The other night I caught the father of the bride working on his speech for my wedding. My best man tells me his is already well under way as well. I on the other hand, the man who fears public speaking with a vengeance and also spends a lot of his time writing, have done nothing. With the wedding pressing ever nearer I’m starting to think I should probably start getting some ideas together, so for the last couple of days I’ve been trying to pen a few thoughts. The trouble is that I’ve always been told that whether it’s a story, an essay or a speech you need a good beginning, middle and end. As it turns out I seem to be better at intros than the whole middle and end bit! Being no closer to finding a middle bit I thought I would share a few intros that I’ve come up with in the hope that it might give some of you grooms out there a little inspiration to get your own speech going, hopefully more successfully than mine! If you see a tumbleweed drifting across your screen just ignore it…
The Arts Crowd
Well, on such an amazing, monumental day like this it’s so difficult to find the words to suit the occasion but here goes. I believe it was the poet Shelley who once said… far more eloquent things than I’m about to say myself. Still, once more unto the breach dear friends…
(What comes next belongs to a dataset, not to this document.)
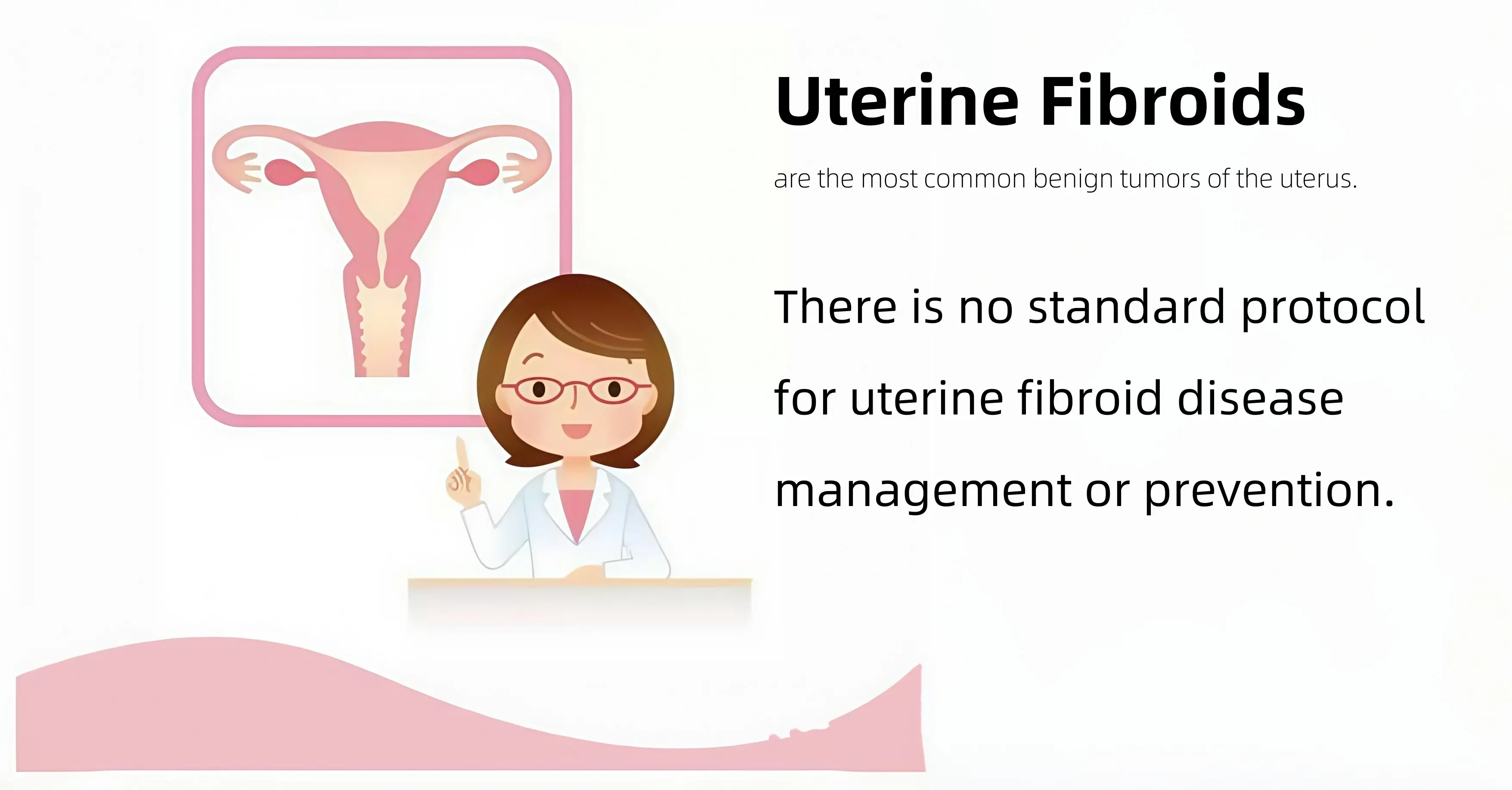 What is uterine fibroid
On behalf of the Mrs and I I would like to thank you all from the bottom of our hearts for making the effort to be here today. We’ll have a proper toast in a bit and we’ve got some pressies to give out but I just quickly would like to thank firstly the staff here at [the venue] for helping to make everything look so amazing, I’d like to thank my parents for both their financial and moral support in dealing with [the bride] when she turned into Bridezilla while planning the wedding. I’d like to thank [insert name] the mother of the Bride for everything she’s done for us and for helping to keep her daughter from completely bankrupting me. Most of all though I’d like to thank the father of the bride for his kind words and for cutting his speech down to a brief couple of hours.
Ladies and gentlemen on behalf of my beautiful new wife and I, from the bottom of our hearts we’d just like to say… thank christ we don’t have to do any more wedding planning. Seriously, it’s been a nightmare, you wouldn’t believe it! Our house has been filled with all this crap for the last six months, she’s been an absolute nightmare, none of my other wives were this ba… (look around at wife… pause…) but seriously I’d just like to thank my wife for all the amazing work she’s put in…
Today is genuinely the happiest day of my life and I hope you’ll agree it’s been fantastic. I feel so privileged to marry the girl of my dreams in front of so many people I love, so many friends that have travelled so far to be here and of course [insert best man] who lives round the corner and I don’t even like. Still, it’s nice for him to get out of the house.
The nervous groom
I must admit, when I proposed to [Bride's name] I forgot that it would inevitably lead to my having to give a speech. Had I realised at the time I would have bought myself a second hand cardigan, a rocking chair and a dozen cats instead. Still, it’s all worth it for the chance to marry the most beautiful bride I’ve ever seen. A beautiful bride who, incidentally, does not have to give a speech. Equality: the cornerstone of any good marriage.
Right, well there we go, I’ve given you an intro now get on with writing the middle and end! And once you’re done if you wouldn’t mind sending it my way it’d help me out no end! Oh god, I HATE PUBLIC SPEAKING!!! Wish me luck!